Но Фельдман не успокоился. Делом уже в апелляционном порядке занялась одесская судебная палата. Здесь оно назначалось к слушанию и откладывалось 14 раз, пролежав в общем около трех лет. Судьи пытались вызвать Чехова в качестве свидетеля в августе 1901 года. Антон Павлович ехать не хотел и вместе с находившимся тогда в Ялте Дорошевичем обсуждал эту проблему — как законно обставить свою неявку в суд. Дельный совет дал молодой писатель и юрист по образованию Б. А. Лазаревский[675].
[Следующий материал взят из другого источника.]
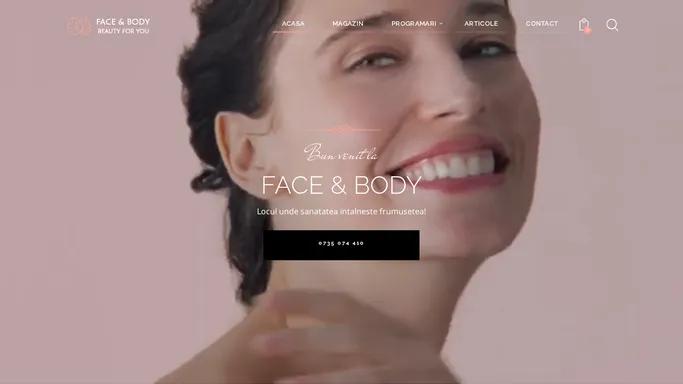 Face & Body – Beauty for you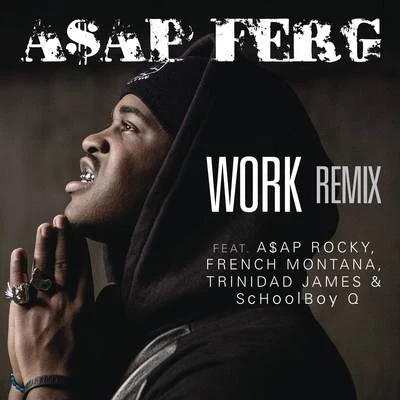 A$AP FergE-40QuavoRoddy RicchScHoolboy Q Work REMIX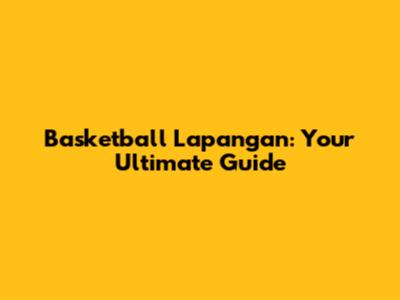 Basketball Lapangan: Your Ultimate Guide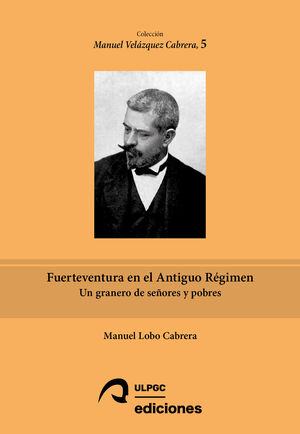 FUERTEVENTURA EN EL ANTIGUO RÉGIMEN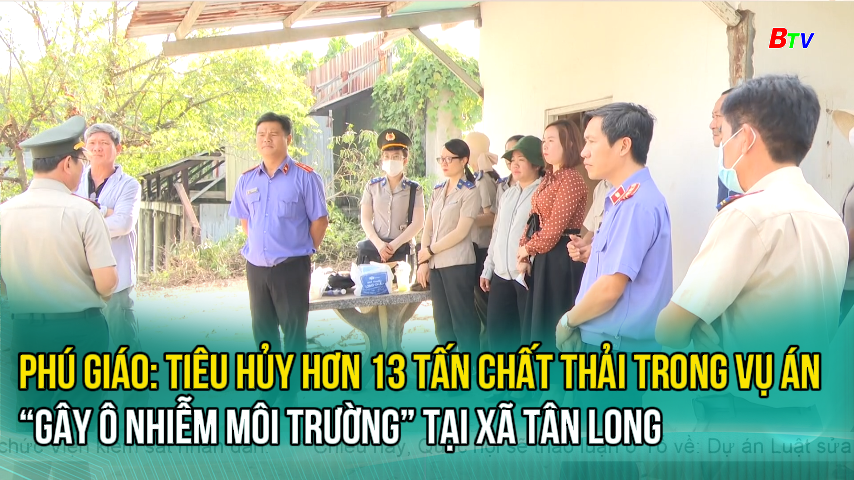Phú Giáo: tiêu hủy hơn 13 tấn chất thải trong vụ án  “Gây ô nhiễm môi trường” tại xã Tân Long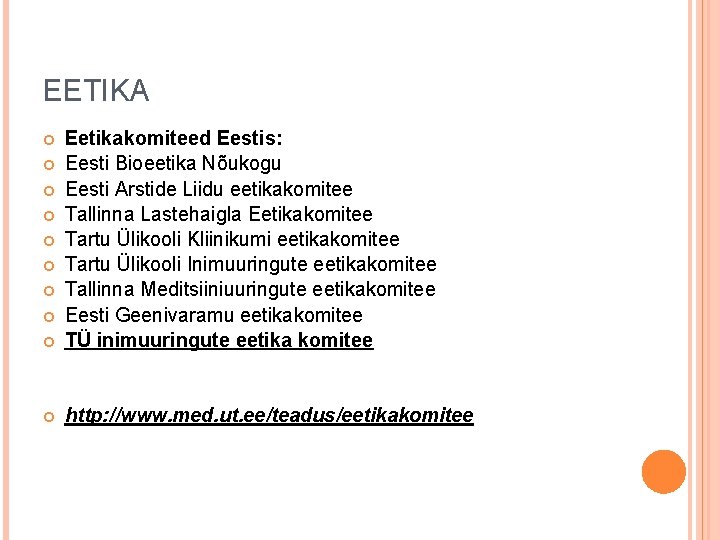 EETIKA Eetikakomiteed Eestis: Eesti Bioeetika Nõukogu Eesti Arstide Liidu eetikakomitee Tallinna Lastehaigla Eetikakomitee Tartu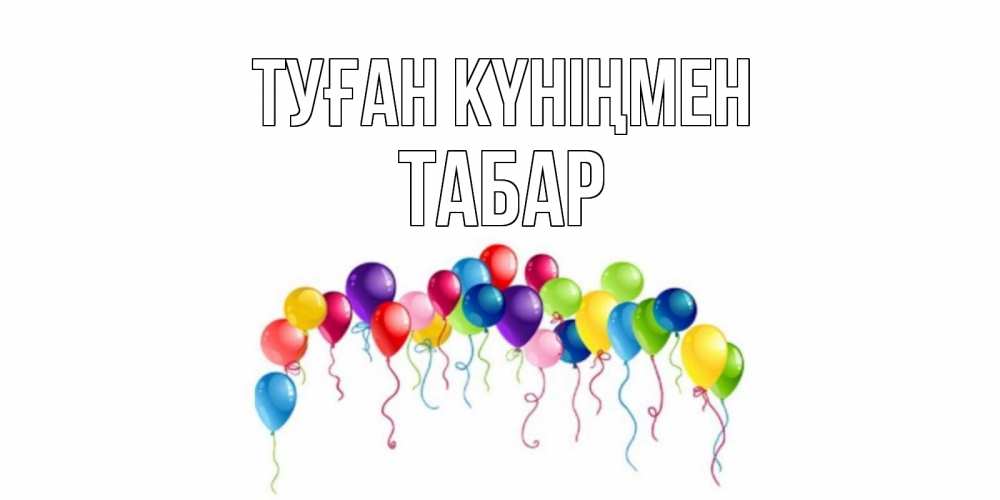Күн сайын ашық хат с именем, ТАБАР Туған күніңмен Воздушные шары, ленты Онлайн тегін жүктеп алу тілектері бар керемет карта 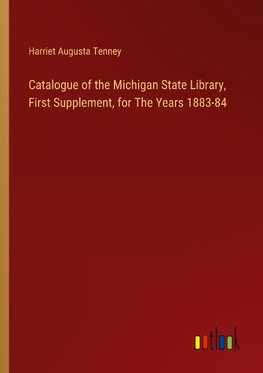 Catalogue of the Michigan State Library, First Supplement, for The Years 1883-84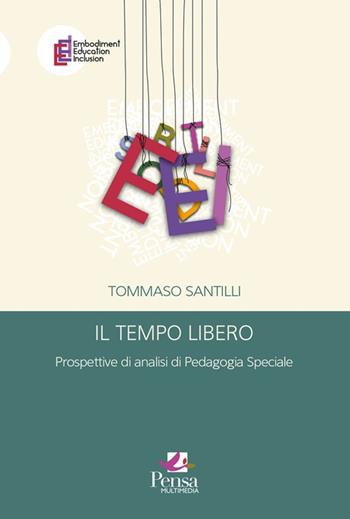 Il tempo libero. Prospettive di analisi di pedagogia speciale - Tommaso Santilli - Libro Pensa Multimedia 2025, Embodiment education inclusion | Libraccio.it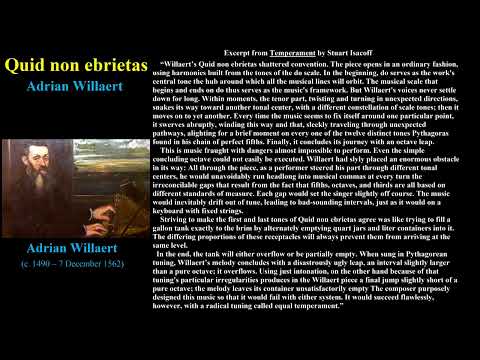 Quid non-ebrietas. Adrian Willaert. One of the first to extensively use chromaticism.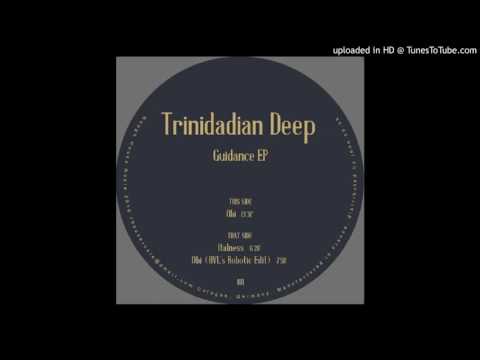 Trinidadian Deep - Obi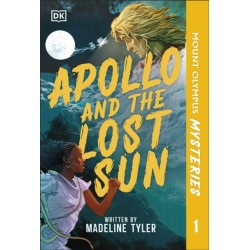 Mount Olympus Mysteries Apollo and the Lost Sun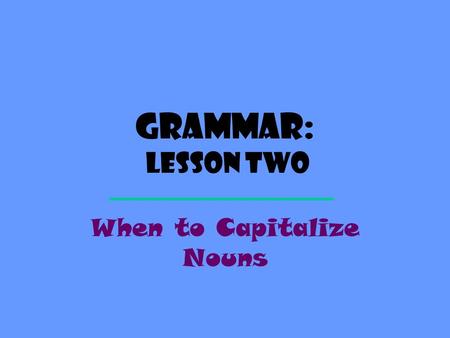 Grammar: Lesson Two When to Capitalize Nouns. Names of specific People CAPS: Tucker ToriJones family No CAPS: boygirlfamily.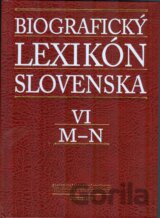 Biografický lexikón Slovenska VI (M - N)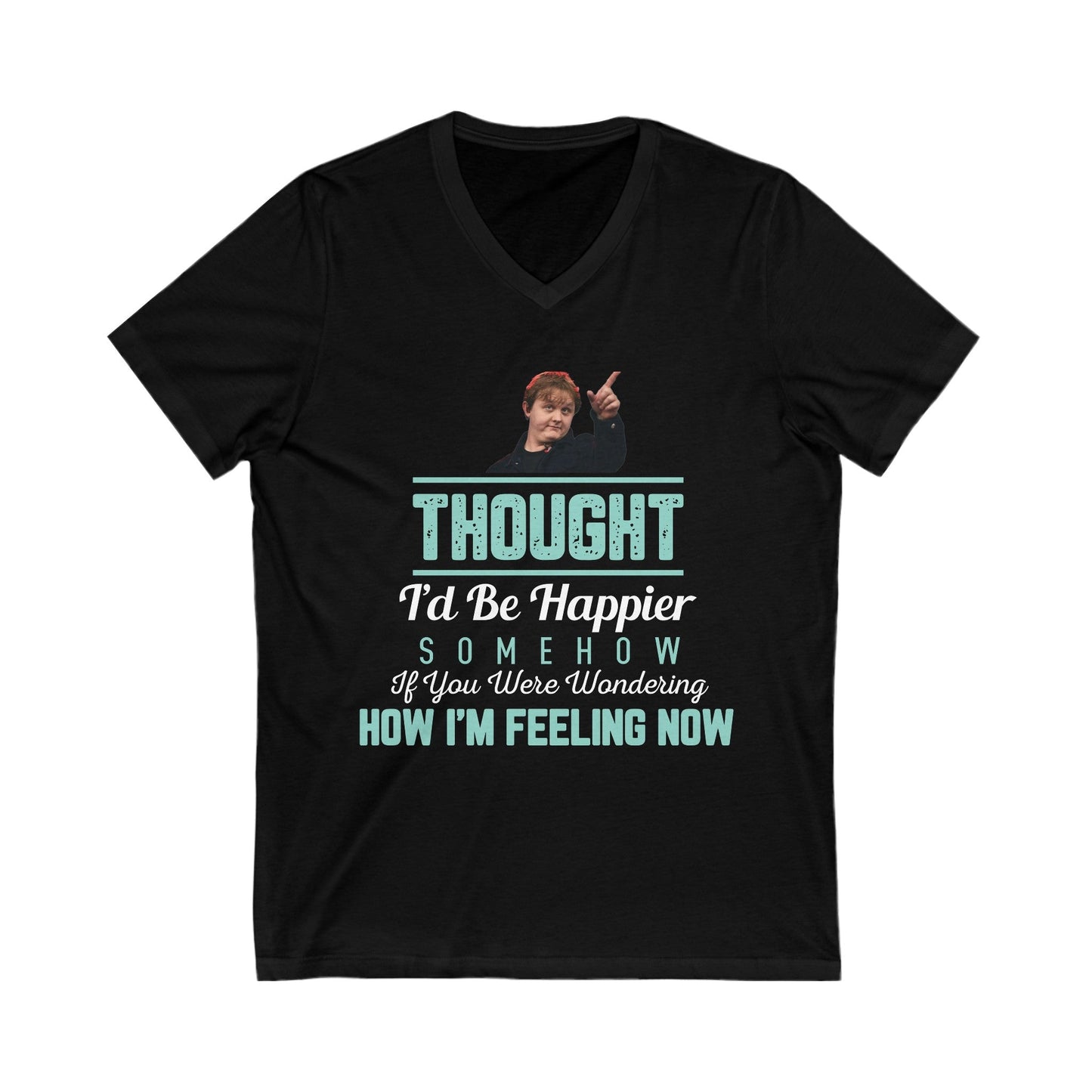 Lewis Capaldi Unisex Jersey Short Sleeve V-Neck Tee - Thought I'd be happier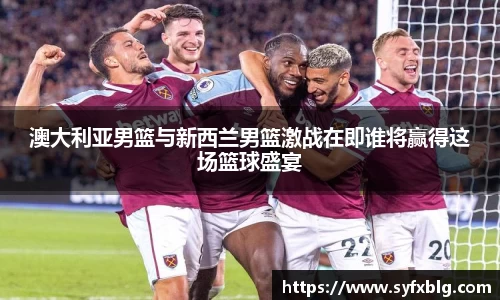 澳大利亚男篮与新西兰男篮激战在即谁将赢得这场篮球盛宴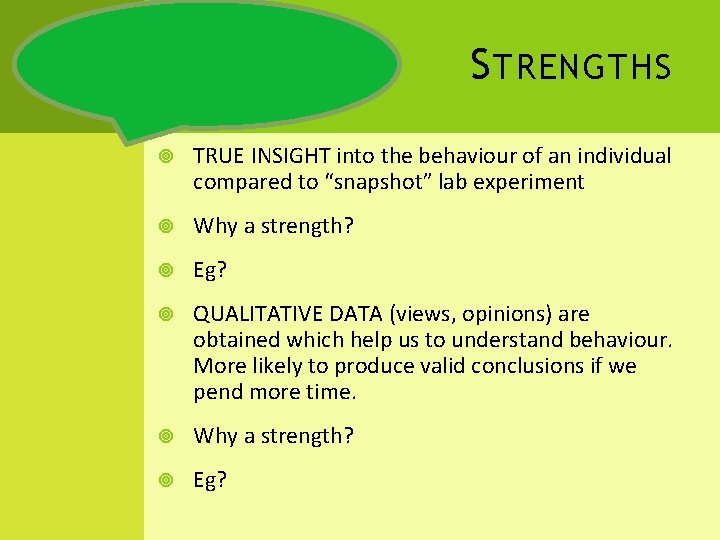 S TRENGTHS TRUE INSIGHT into the behaviour of an individual compared to “snapshot” lab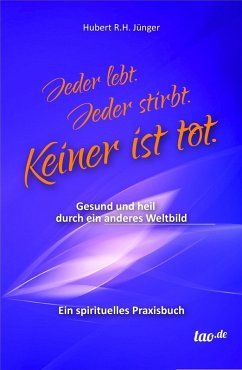 Cover Jeder lebt. Jeder stirbt. Keiner ist tot. (eBook, ePUB)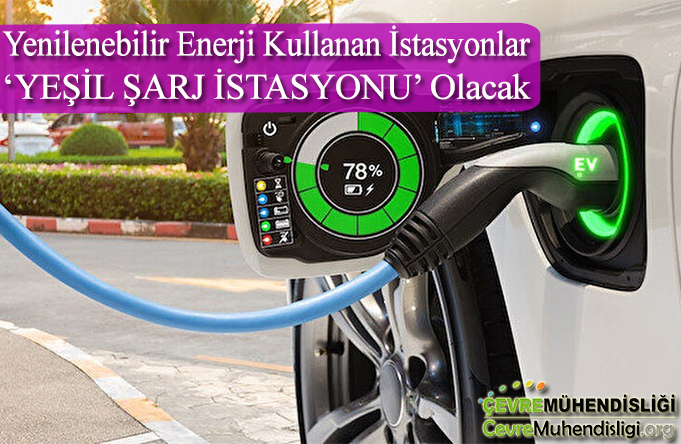 yesil sarj istasyonu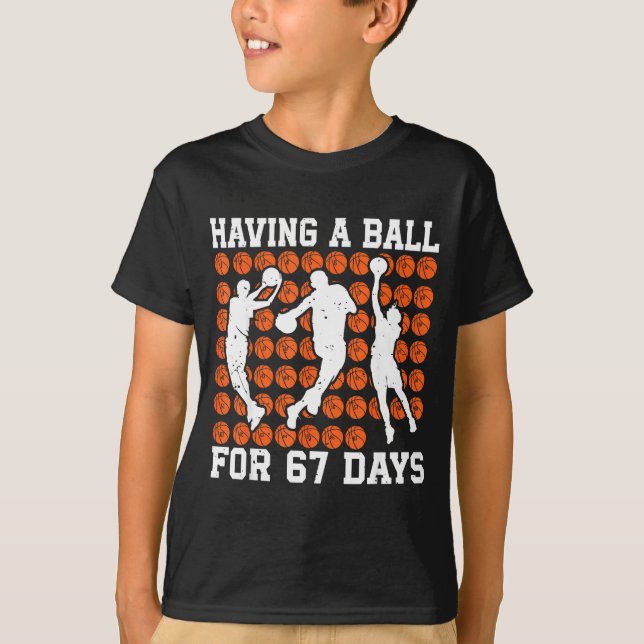 T-shirt Having A Ball For 67 Days Basketball Player Studen (Devant)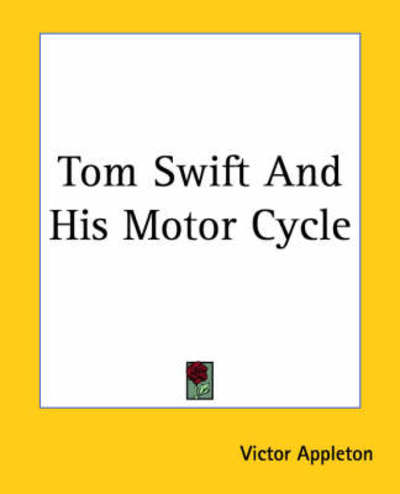 Cover for Victor Appleton · Tom Swift and His Motor Cycle (Taschenbuch) (2004)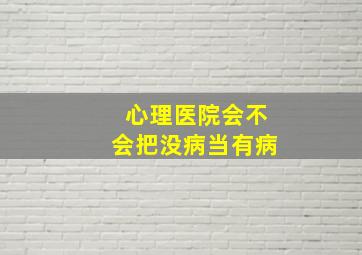 心理医院会不会把没病当有病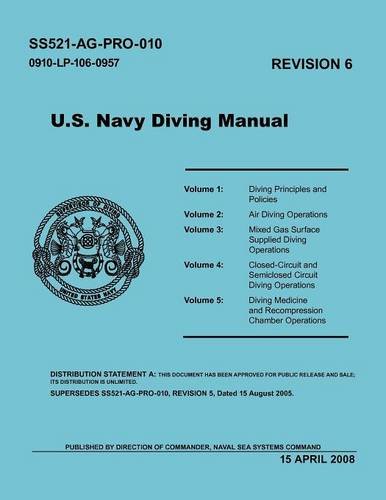 U.S. Navy Diving Manual (revision 6, April 2008) [Paperback]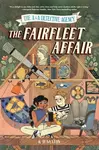 The A&A Detective Agency: The Fairfleet Affair - K. H. Saxton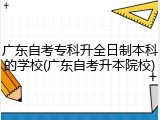 广东自考专科升全日制本科的学校(广东自考升本院校)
У Дорошевича была проблема с защитой. «На этот раз по иронии судьбы казенным защитником Дорошевича назначен присяжный поверенный Бухштаб, — сообщал „Волжский вестник“, — тот самый Бухштаб, который неоднократно служил объектом самой едкой сатиры господина Дорошевича и который, в свою очередь, разразившись в думе филиппиками по адресу одесской прессы, особенно немилосердно честил какого-то „обер-шантажиста“, работавшего в одесских газетах. Кого он подразумевал под этим самым „обер-шантажистом“, ни для кого не было секретом. Конечно же, фельетониста Дорошевича! Таким образом, дело это, и без того не лишенное комического элемента, принимает, по замечанию „Южного обозрения“, окончательно водевильный характер»[676].